Indian modernist architect, academic, furniture designer and writer, Urmila Eulie Chowdhury worked with Corbusier on the Chandigarh project. However whilst others surrounding him have become known in their own right, Eulie’s name is rarely mentioned outside of the conversation about Indian architecture.
Perhaps she had the best of opportunities available to her, the daughter of a diplomat, an education in Australia, Japan and the US, however, what is clear is that she was extraordinarily gifted in her own right – described as a polymath.
Born in Uttar Pradesh, educated at the University of Sydney, she worked in the US and in 1951 returned to India to work as part of the team put together by Corbusier for the planning of the City of Chandigarh (the only other female on the team was English Modernist, Jane Drew – Corbusier was not known for having enlightened views about women). Eulie Chowdhury worked on this project at two different points in its development, first until 1963. As well as her work on the overall planning, she is credited with the design of the Home Science College (a women’s Polytechnic featured in the header) and for a series of residential complexes for Ministers. ‘She helped to prepare detailed drawings for Capitol Complex, Geometric Hill, Tower of Shadows, and the Martyrs Memorial, all of which today are exemplary monuments of contemporary architecture’*. She returned to the project again in the 1970s.
From 1963-65 Eulie was the Director of the Dehli School of Architecture and Planning and wrote a book about her experience of working with Corbusier called Those Were the Days.

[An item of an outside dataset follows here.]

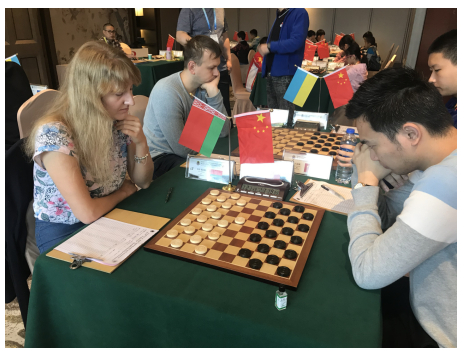 女子等级分第一人白俄罗斯的费德洛维奇·奥尔加对阵特级大师周伟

A fluent French speaker, more than simply the translator of Corbusier’s Three Human Establishments from French to English, she became an invaluable component in the conveying of ideas from Corbusier to the local team and is acknowledged for her translating of correspondence between Corbusier and Prime Minister Nehru. Her french connection continued when she became the first President of the Alliance Française de Chandigarh in 1983.
In 1970 she became Chief Architect of Haryana and later Chief State Architect of the State of Punjab, a huge accolade in such a male-dominated society. Eventually, she returned to Chandigarh to go into private practice.
Urmila Eulie Chowdhury 1923-1995
First Indian Woman elected Fellow of RIBA
Fellow of Indian Institute of Architecture
*with thanks to Rethinking the Future
Image of Government Home Science College, Sector 10, Chandigarh (CC BY SA 4.0 Sarbjit Bahga)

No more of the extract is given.